[lbo-talk] They're teaching The Wire at Harvard

Eric Beck ersatzdog at gmail.com
Thu Sep 16 07:13:25 PDT 2010


On Thu, Sep 16, 2010 at 4:29 AM, Chuck Grimes <c123grimes at att.net> wrote:


> Yes, I agree and EB should listen to Simon---its well worth the hour. There
> are really interesting things to write and think about in his USC
> discussion.

[snip lots of interesting stuff]


> I notice the thread move to Simon's politics. I am sure he is a liberal. But
> hell liberals can have good ideas and do good art.
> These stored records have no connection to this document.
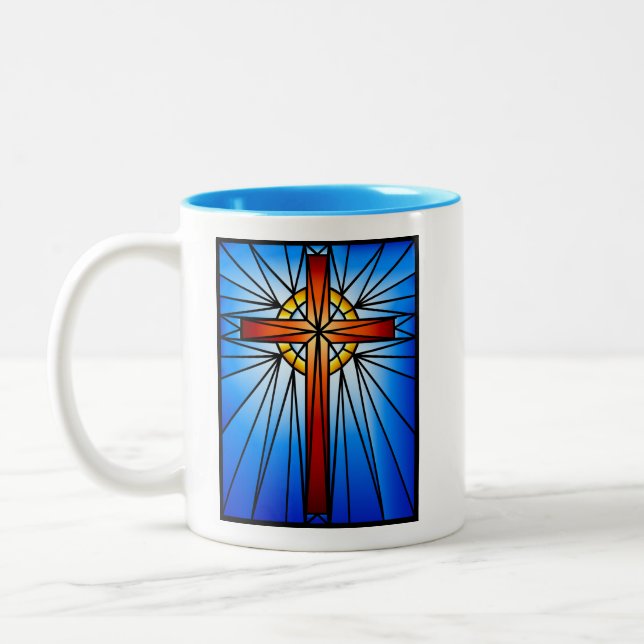 Cross Stained Glass Window-Illustration Two-Tone Coffee Mug (Left)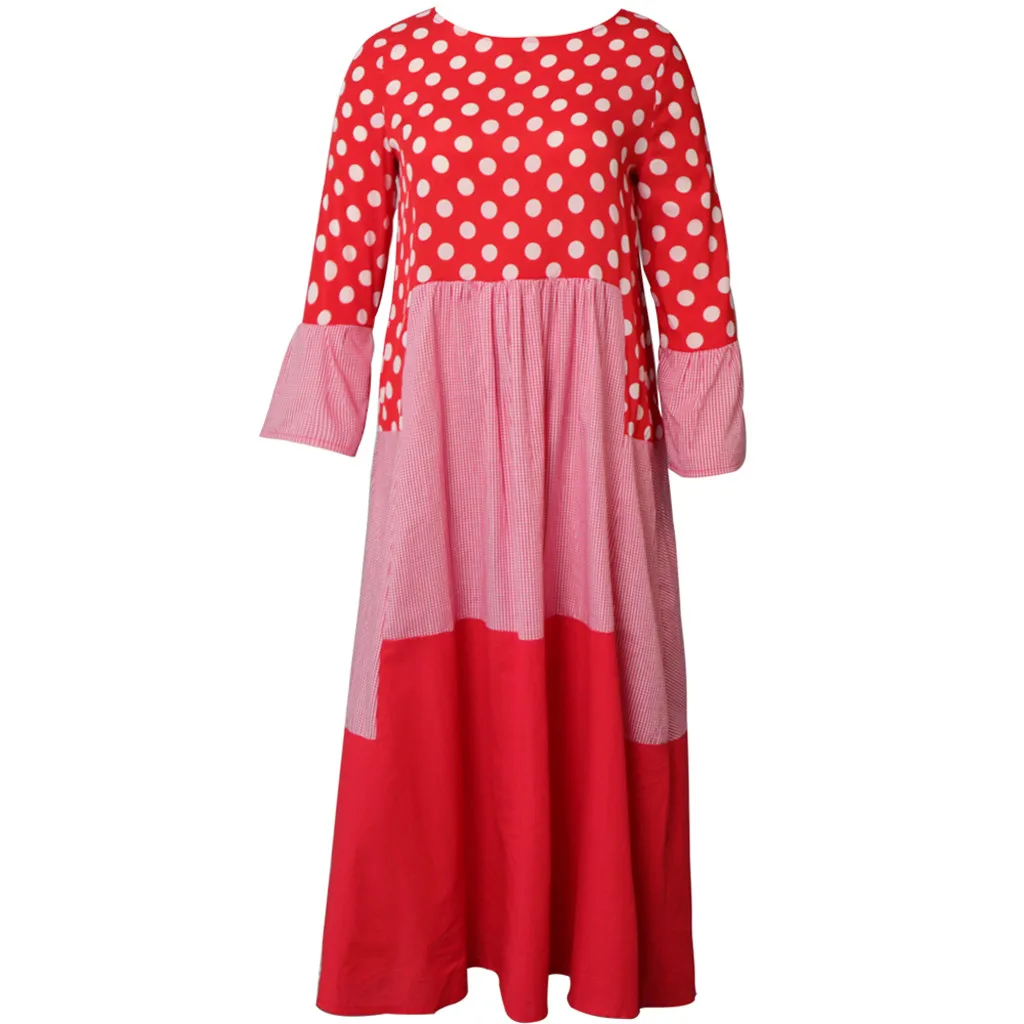 Осеннее Новое модное женское винтажное платье Bohe в стиле пэчворк с волнистым принтом с длинными рукавами и круглым вырезом, макси платье, платье Z4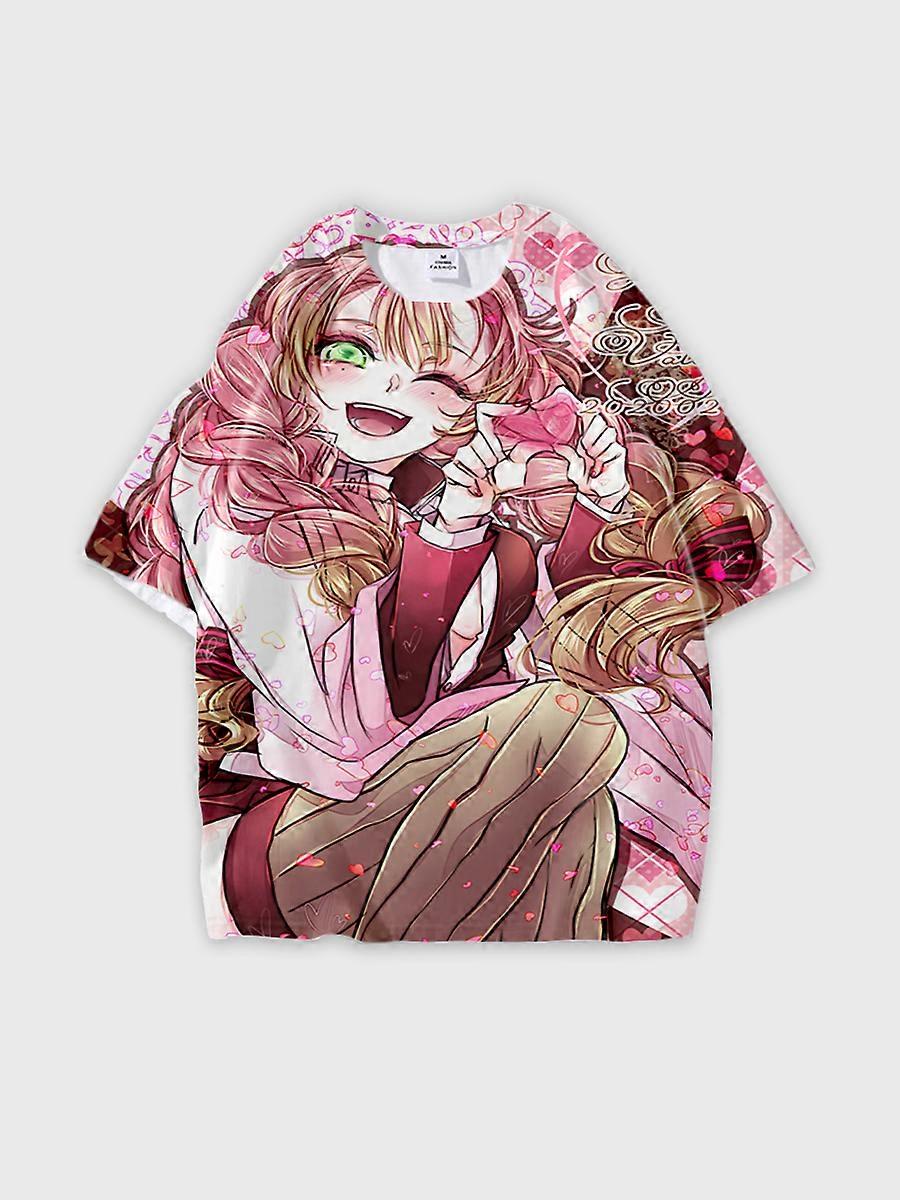 T-shirt round neck Character Pattern loose short sleeve P280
I agree, and I wasn't calling Simon liberal as an insult, just as by saying that his art is smarter than him I wasn't calling him stupid. As Mike said, Simon's creation is more complicated and interesting than his own politics because it dramatizes things. This isn't an insult; it's what art does. Only bad artists are smarter than their art.
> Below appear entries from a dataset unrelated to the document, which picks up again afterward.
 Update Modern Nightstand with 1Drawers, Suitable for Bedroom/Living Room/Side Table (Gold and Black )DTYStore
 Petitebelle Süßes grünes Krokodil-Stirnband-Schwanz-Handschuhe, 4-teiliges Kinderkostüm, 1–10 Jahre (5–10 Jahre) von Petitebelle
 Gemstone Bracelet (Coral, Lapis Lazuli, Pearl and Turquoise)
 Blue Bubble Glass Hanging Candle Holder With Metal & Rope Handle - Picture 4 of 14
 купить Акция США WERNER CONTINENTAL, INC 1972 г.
I will watch the Simon talk at some point, and I'm probably being silly by avoiding it. But I'm wary because the series was so wonderful and I have my own image of and ideas about it that I don't want them ruined, uncomplicated. For instance, I have read Simon say something about the institutions in the show not doing what they are supposed to do. But his show says something different, or something more: that those institutions function just as well if not better by not doing what they are supposed to do, by breaking. And here it is appropriate to bring in Deleuze and Guattari (I was just waiting for my chance):

"The social machine's limit is not attrition, but rather its misfirings; it can operate only by fits and starts, by grinding and breaking down, in spasms of minor explosions. The dysfunctions are an essential element of its very ability to function, which is not the least important aspect of the system of cruelty. The death of a social machine has never been heralded by a disharmony or a dysfunction; on the contrary, social machines make a habit of feeding on the contradictions they give rise to, on the crises they provoke, on the anxieties they engender, and on the infernal operations they regenerate. Capitalism has learned this, and has ceased doubting itself, while even socialists have abandoned belief in the possibility of capitalism's natural death by attrition. No one has ever died from contradictions. And the more it breaks down, the more it schizophrenizes, the better it works, the American way."

I think this is exactly what The Wire dramatizes.